Please copy, exactly as they appear below, the lines from the one containing "Adidas Glow In" through the one containing "Wi Fi icon vector.".

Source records
____________________
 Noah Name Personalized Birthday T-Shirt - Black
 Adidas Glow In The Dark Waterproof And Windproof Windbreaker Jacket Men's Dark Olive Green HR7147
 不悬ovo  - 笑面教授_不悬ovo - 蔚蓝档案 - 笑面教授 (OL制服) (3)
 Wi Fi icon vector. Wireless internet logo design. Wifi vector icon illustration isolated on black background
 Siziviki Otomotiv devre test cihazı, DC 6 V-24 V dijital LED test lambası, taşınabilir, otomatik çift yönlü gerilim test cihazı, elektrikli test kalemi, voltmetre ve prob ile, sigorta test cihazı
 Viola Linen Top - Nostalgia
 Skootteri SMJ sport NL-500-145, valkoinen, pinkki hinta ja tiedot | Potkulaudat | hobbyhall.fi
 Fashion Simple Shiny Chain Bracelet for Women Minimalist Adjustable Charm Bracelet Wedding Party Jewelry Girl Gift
____________________
# Output
 Adidas Glow In The Dark Waterproof And Windproof Windbreaker Jacket Men's Dark Olive Green HR7147
 不悬ovo  - 笑面教授_不悬ovo - 蔚蓝档案 - 笑面教授 (OL制服) (3)
 Wi Fi icon vector. Wireless internet logo design. Wifi vector icon illustration isolated on black background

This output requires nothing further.